I’m a Two-Faced Vegan

I recently had the pleasure (!) of spending time in the company of someone who turned out to be totally two-faced, which upset me greatly. As I sat in front of my laptop, metaphorically picking at old scabs and feeling betrayed, I flicked through photos I’ve taken of food. In case you haven’t worked it out yet – I love cooking. It makes me happy. Suddenly I started to smile. I may not personally be two-faced (what you see is what you get, much to the annoyance of some people) but my cooking certainly is! There were two distinct voices popping up on my screen. One said “I really can’t be bothered. Throw it in a pot and be done with it” while the other voice crooned “Nothing is too much trouble when creating a meal”. Some dishes used cans and pre-mixed spices. Others were multi-item meals, with everything made from scratch. Some looked like they were thrown together by a total slob, others were prepared to be placed before royalty. Two faces. Two types of delicious food.

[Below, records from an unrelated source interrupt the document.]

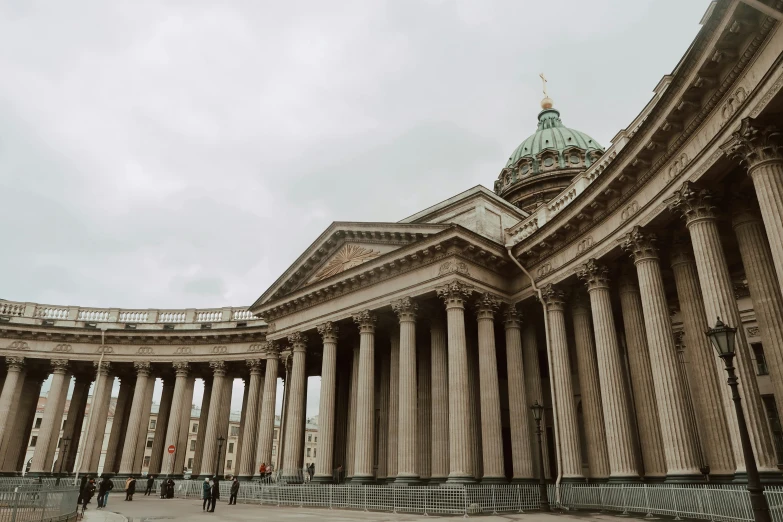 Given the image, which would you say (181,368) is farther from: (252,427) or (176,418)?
(252,427)

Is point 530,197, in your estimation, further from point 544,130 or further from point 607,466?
point 607,466

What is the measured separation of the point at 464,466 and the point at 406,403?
12.4 feet

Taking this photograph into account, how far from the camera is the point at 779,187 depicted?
12055 millimetres

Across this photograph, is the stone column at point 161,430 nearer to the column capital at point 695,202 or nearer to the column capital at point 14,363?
the column capital at point 14,363

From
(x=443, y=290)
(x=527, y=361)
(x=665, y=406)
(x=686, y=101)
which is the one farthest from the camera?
(x=527, y=361)

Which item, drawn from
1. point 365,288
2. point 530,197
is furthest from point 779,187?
point 530,197

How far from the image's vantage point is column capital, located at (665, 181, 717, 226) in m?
14.7

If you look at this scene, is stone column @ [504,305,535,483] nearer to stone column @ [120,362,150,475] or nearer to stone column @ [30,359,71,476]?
stone column @ [120,362,150,475]

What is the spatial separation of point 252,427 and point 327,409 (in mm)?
9843

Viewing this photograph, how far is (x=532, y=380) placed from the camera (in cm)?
2412

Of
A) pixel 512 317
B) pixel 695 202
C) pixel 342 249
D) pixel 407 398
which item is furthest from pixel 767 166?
pixel 342 249

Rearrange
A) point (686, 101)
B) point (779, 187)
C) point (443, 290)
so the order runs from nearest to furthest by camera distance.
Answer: point (779, 187)
point (686, 101)
point (443, 290)

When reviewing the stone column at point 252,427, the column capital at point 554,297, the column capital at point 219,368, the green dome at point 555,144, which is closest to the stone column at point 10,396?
the column capital at point 219,368

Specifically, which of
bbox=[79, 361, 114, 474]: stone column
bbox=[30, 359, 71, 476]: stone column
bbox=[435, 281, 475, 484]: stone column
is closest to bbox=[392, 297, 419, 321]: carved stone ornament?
bbox=[435, 281, 475, 484]: stone column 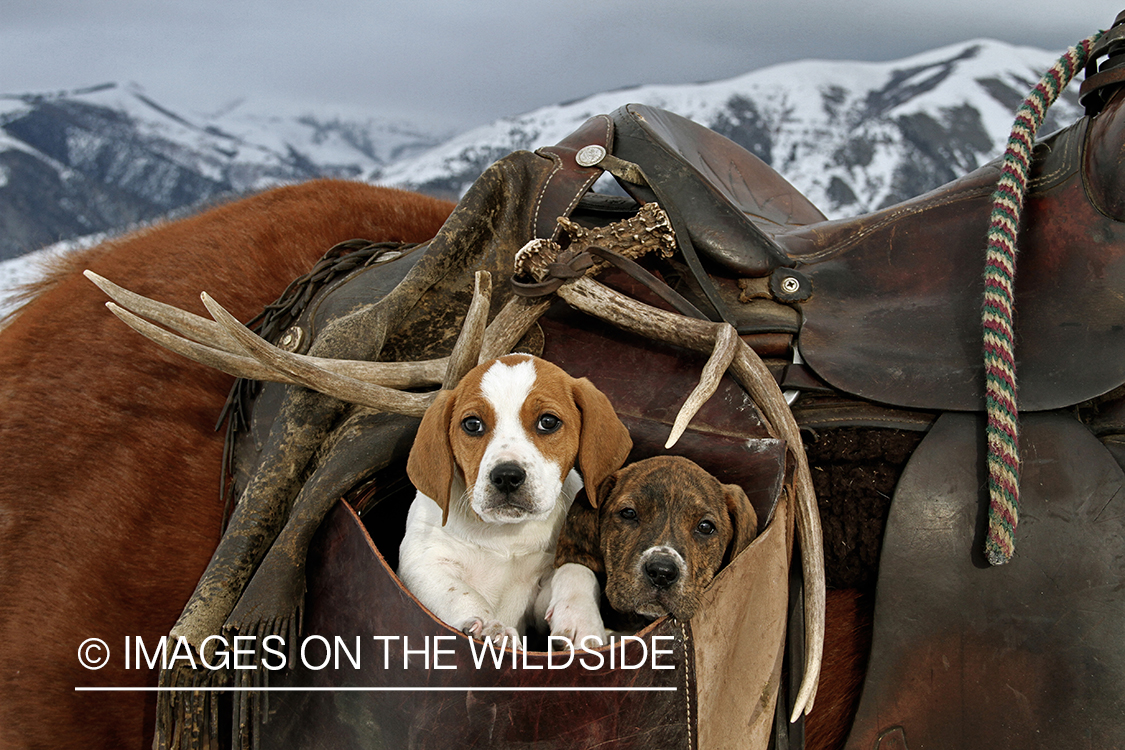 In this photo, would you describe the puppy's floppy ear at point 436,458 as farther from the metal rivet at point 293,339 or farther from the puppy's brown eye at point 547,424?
the metal rivet at point 293,339

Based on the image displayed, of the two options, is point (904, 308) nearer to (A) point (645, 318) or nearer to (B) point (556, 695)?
(A) point (645, 318)

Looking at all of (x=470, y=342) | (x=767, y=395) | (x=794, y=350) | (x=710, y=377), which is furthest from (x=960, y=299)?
(x=470, y=342)

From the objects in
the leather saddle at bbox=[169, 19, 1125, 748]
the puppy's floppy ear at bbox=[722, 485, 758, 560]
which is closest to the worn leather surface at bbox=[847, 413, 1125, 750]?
the leather saddle at bbox=[169, 19, 1125, 748]

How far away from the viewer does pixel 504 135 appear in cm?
945

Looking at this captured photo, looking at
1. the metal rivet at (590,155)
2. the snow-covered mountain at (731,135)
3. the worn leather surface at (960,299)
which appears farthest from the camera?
the snow-covered mountain at (731,135)

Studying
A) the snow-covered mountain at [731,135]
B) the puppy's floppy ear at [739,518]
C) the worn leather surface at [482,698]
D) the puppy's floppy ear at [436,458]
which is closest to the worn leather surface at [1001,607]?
the puppy's floppy ear at [739,518]

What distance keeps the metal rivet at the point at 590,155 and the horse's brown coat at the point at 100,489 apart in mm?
823

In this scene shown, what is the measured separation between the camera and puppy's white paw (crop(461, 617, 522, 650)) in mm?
961

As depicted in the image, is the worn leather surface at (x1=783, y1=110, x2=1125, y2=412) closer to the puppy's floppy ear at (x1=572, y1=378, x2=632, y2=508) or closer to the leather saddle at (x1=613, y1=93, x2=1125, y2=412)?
the leather saddle at (x1=613, y1=93, x2=1125, y2=412)

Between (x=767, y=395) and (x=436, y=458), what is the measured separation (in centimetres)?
50

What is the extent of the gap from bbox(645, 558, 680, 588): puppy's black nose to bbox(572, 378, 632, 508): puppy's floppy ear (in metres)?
0.13

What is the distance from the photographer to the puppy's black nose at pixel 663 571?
0.96 m

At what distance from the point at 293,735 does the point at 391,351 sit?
67 centimetres

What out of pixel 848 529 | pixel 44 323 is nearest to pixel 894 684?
pixel 848 529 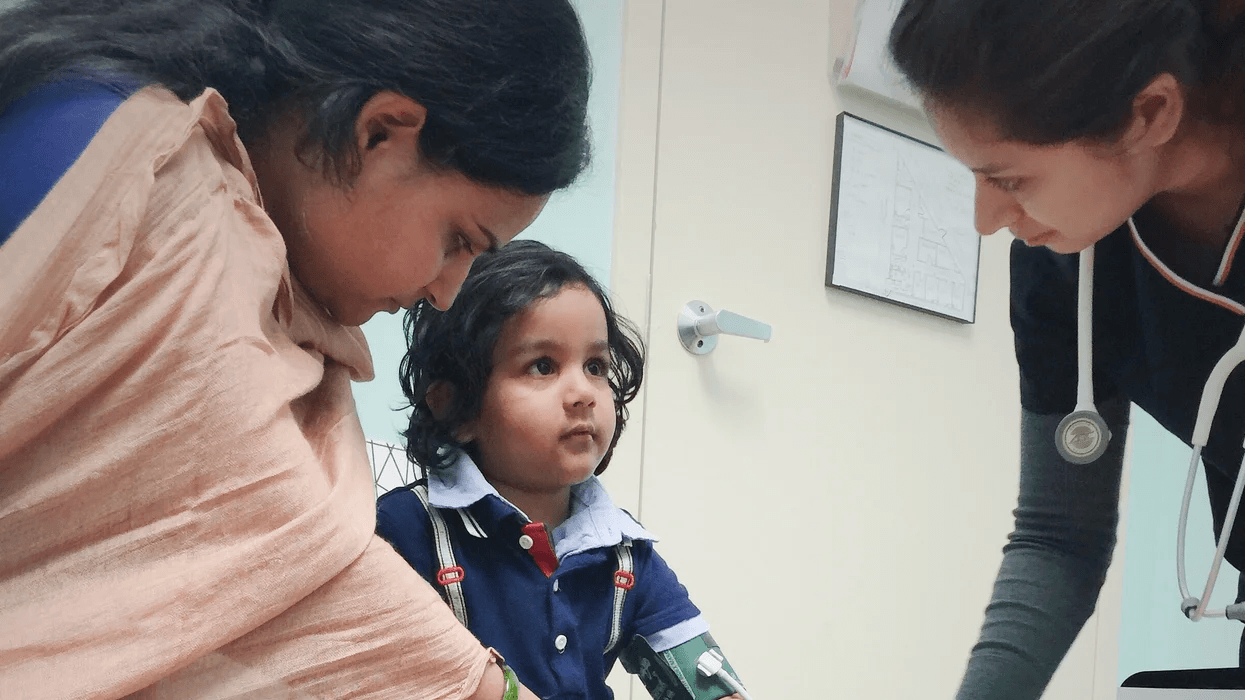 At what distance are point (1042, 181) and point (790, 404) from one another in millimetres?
768

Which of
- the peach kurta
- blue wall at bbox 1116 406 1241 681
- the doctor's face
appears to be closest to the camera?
the peach kurta

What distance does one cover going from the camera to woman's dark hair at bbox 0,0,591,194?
555 mm

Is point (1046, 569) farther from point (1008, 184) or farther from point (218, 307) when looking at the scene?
point (218, 307)

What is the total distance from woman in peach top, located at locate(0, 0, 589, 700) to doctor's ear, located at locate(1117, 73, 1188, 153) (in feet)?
1.02

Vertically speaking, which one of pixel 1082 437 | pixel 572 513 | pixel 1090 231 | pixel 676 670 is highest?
pixel 1090 231

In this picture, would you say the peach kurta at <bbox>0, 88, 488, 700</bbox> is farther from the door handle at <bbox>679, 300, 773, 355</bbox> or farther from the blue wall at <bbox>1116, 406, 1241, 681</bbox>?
the door handle at <bbox>679, 300, 773, 355</bbox>

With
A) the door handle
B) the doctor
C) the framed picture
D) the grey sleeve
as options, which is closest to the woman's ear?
the doctor

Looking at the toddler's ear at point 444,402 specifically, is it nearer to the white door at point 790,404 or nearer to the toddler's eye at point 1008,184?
the white door at point 790,404

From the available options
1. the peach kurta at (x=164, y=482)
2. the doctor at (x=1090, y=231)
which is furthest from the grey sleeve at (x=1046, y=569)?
the peach kurta at (x=164, y=482)

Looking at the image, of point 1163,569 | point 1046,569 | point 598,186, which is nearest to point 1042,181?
point 1046,569

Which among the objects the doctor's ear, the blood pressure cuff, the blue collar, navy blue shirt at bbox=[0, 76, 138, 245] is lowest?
the blood pressure cuff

It surprises me when people say they don’t have the time to cook veg#n meals, obviously assuming that each one takes a tremendous amount of thought and effort. But in reality it’s so easy to replace meat with non-meat items and basically continue to eat the same way as before. I recently spent a week in my mother-in-law’s kitchen in the UK, where we would co-ordinate our efforts to feed both the omnivores and me with minimal effort. Roast potatoes, roast veggies and lamb for them. The same for me but with the lamb replaced by vegan patties. On another day they had salmon, cooked in the oven. I threw some marinade (it was a thai salad dressing I found in her cupboard) on tofu and cooked it at the same time. One day they had new potatoes, corn, veg stir fry and steak. I had the same with Linda McCartney’s veggie sausages instead of steak. Being vegan took no more effort than eating meat. And it was a lot cheaper. One night I cooked something that I would eat at home, preparing it to feed a crowd when Alan’s sister and family were with us. I used canned chick peas, a pre-mixed curry blend, canned coconut milk and a blob of tomato paste to knock up a chick pea curry. It was served with potatoes fried with spinach and garlic. Very little effort, low cost and a very tasty little (if kinda sloppy looking) meal 🙂

Other quick and easy ideas for dinner include:

  • Spaghetti bolognaise using veggie grounds instead of meat. Top with grated vegan cheese if you want.
  • White kidney beans, mushrooms and green peppers cooked in a jar of pasta sauce on top of rottini.
  • Veggie burger on a bun, with all the usual trimmings
  • Grilled faux chicken breasts (yes, they do exist!) topped with salsa and served with a baked potato and salad

This photo below was our dinner on Monday. I arrived back in Canada on Sunday and hadn’t gone shopping. It was rice noodles in vegan stock (using a stock cube) with Chinese picked veggies (from a jar), a tomato I found lurking somewhere and general Tao vegan chicken (from a bag in the freezer). Throw it all in a pan, boil it up and eat.  Hot, filling and delicious, with the bare minimum of effort.

ricenoodleQuickDinner (Copy)

The other face of my vegan cooking takes itself a bit more seriously. Home made tofu. Curries made using multiple packets of spices. A multi-item Ethiopian platter (see last week’s blog for details). When people are coming round for dinner things usually ramp up a notch, especially if they are taste-testing recipes for me. We eat a huge variety of dishes until we can’t eat any more, and then try to fit in a dessert. It takes planning, time and effort, and if we ate this way all the time I think I would go mad. But sometimes its fun to spend time in the kitchen creating a meal. Last night this is what we had:

  • Home made tofu served 2 ways
  • Edamame, daikon (white radish), pepper and mushroom salad
  • Futo maki made with white rice, enoki mushrooms, cucumber and pepper
  • Futo maki made with brown rice, rolled in edamame-wasabi puree and panko then fried until crispy, stuffed with sweet potato, yellow pepper and cucumber
  • Miso soup (from a packet on this occasion – look for vegan ones without bonito)
  • Stuffed tofu skins

japBlogPic (Copy)

It took less time than you might think – the tofu took 15 minutes. The rice cooked itself in the rice cooker. I stuck to a small number of veggies and didn’t do any fancy chopping. But it certainly took longer than opening a can of beans 🙂

So the next time someone says “I don’t have the time to be cook veg#n food”, ask them what they think a vegan meal looks like. They might not be aware that vegan meals have two faces!

Whatever you decide to cook this week, enjoy it. Perhaps you could try something new, quick, tasty and healthy. Maybe even something vegan….

Karen 🙂

One thought on “I’m a Two-Faced Vegan

  1. So true!! I never understand these sorts of comments at all. I lived a good portion of my life eating and cooking meat. I have been vegetarian/ on-and-off vegan for almost 20 years now and I can say with certainty, this way is FASTER and way simpler. And hey, none of it is going to kill you if you don’t cook it long enough (go figure!) Thanks for sharing these thoughts. I enjoyed it!